All entries are to be copied verbatim, while the pictures stay out.
+++
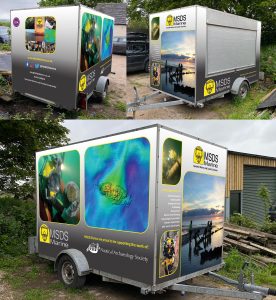 Three images showing the MSDS Marine outreach trailer from all sides. The trailer is a box trailer fitted out with audio visual equipment and activities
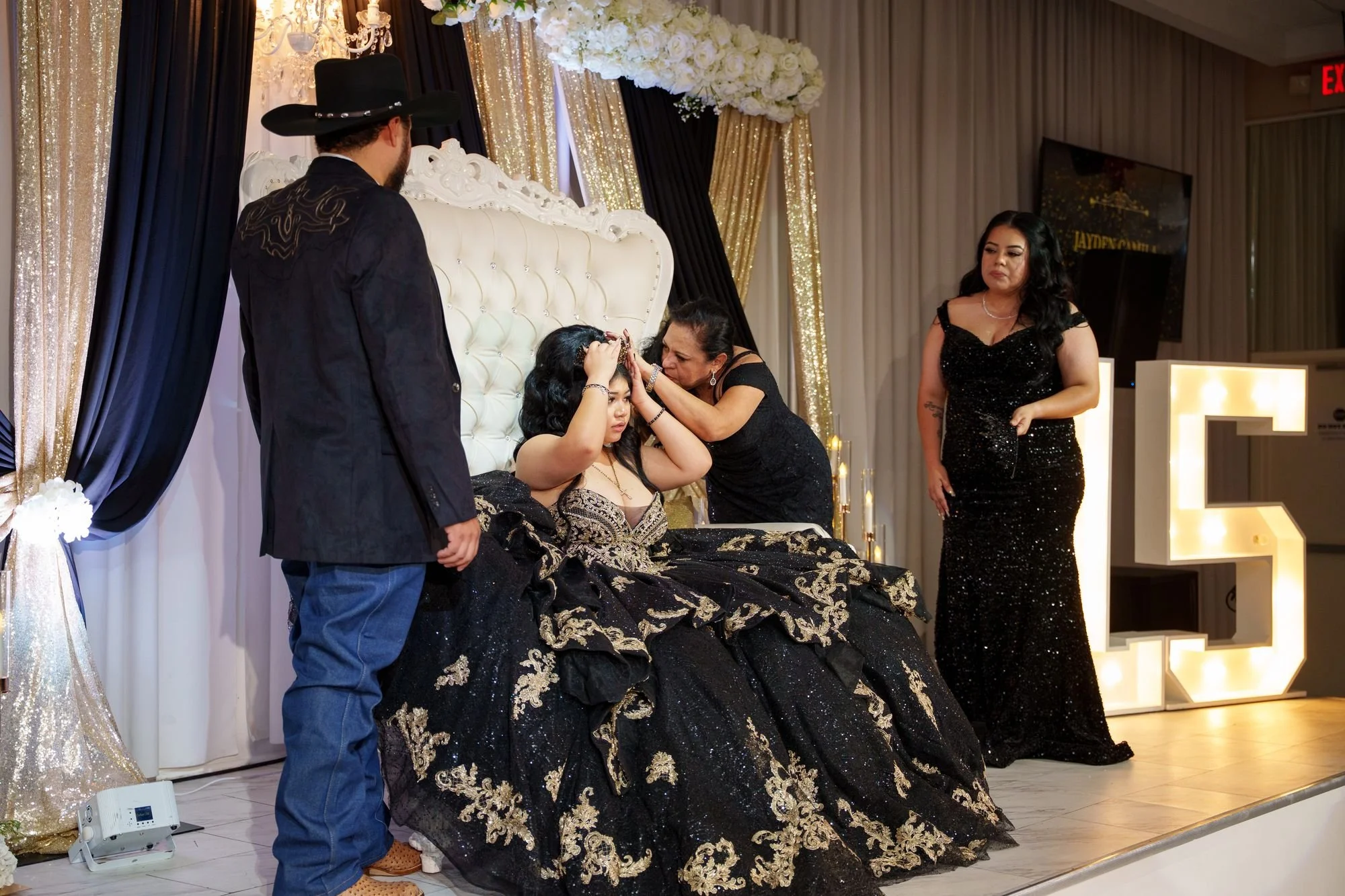 Grandmother placing crown on Jayden's head during traditional crowning ceremony with father watching at her quinceañera at Luxor Banquet Hall Carrollton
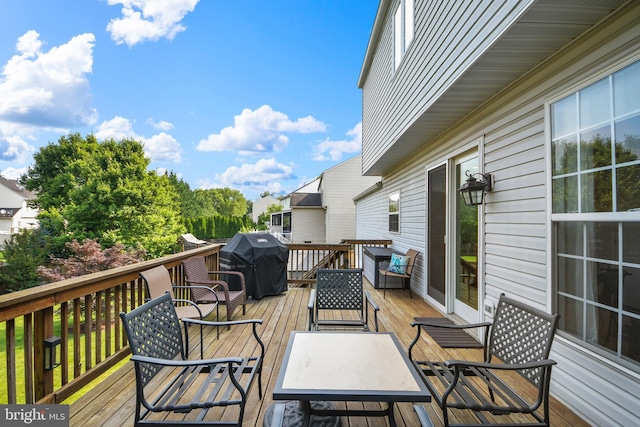 wooden deck featuring a grill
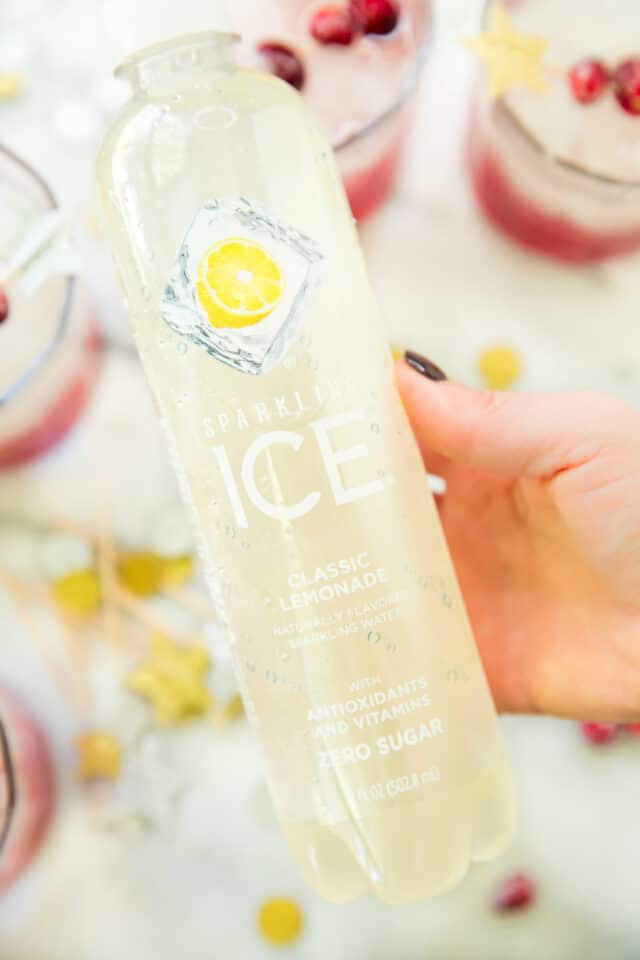 woman's hand holding Sparkling Ice Classic Lemonade bottle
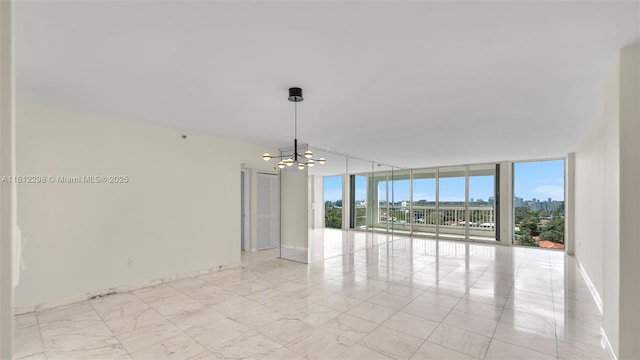 unfurnished room with expansive windows, a notable chandelier, marble finish floor, and baseboards
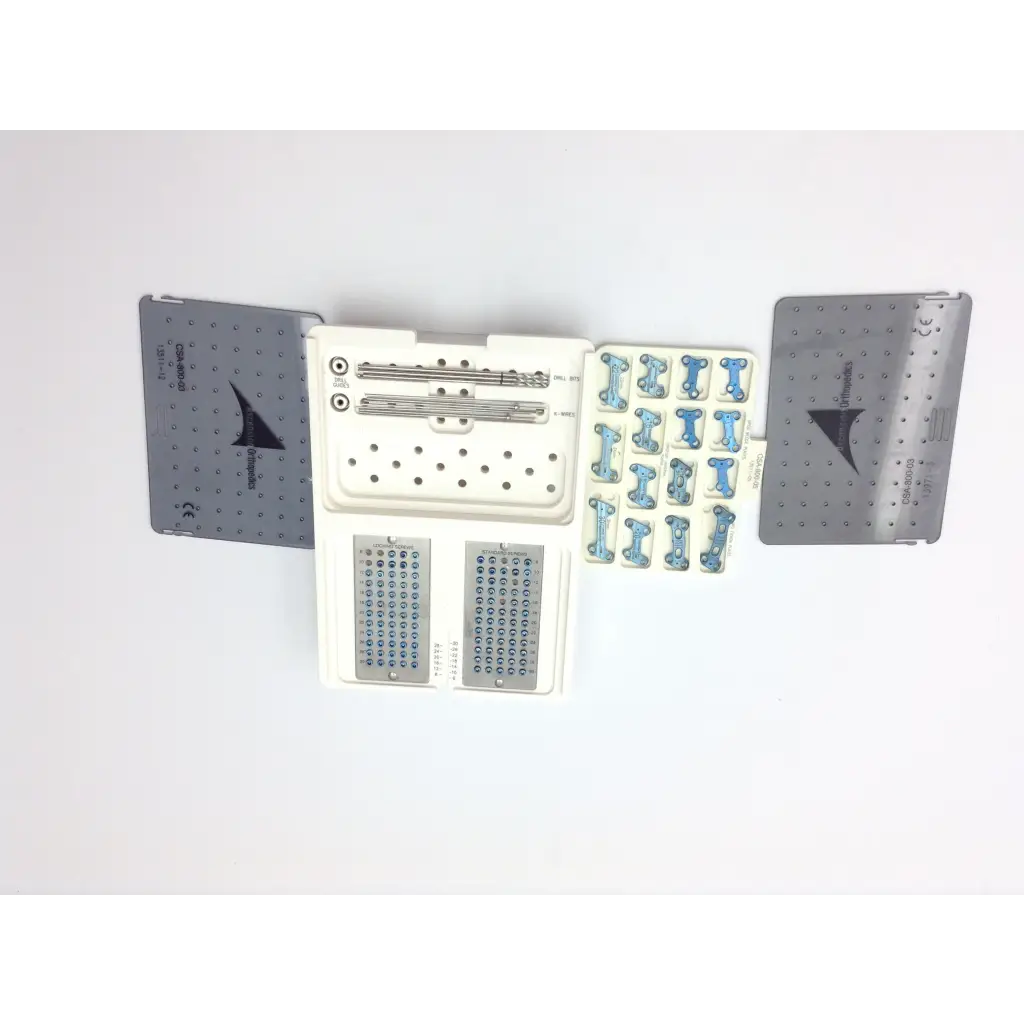 Medical orthopedic surgical kit with metallic plates screws and blue bone fixation parts in a white tray ascension forefoot set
+++
● ANSWER BOX
 Three images showing the MSDS Marine outreach trailer from all sides. The trailer is a box trailer fitted out with audio visual equipment and activities
 Grandmother placing crown on Jayden's head during traditional crowning ceremony with father watching at her quinceañera at Luxor Banquet Hall Carrollton
 wooden deck featuring a grill
 woman's hand holding Sparkling Ice Classic Lemonade bottle
 unfurnished room with expansive windows, a notable chandelier, marble finish floor, and baseboards
 Medical orthopedic surgical kit with metallic plates screws and blue bone fixation parts in a white tray ascension forefoot set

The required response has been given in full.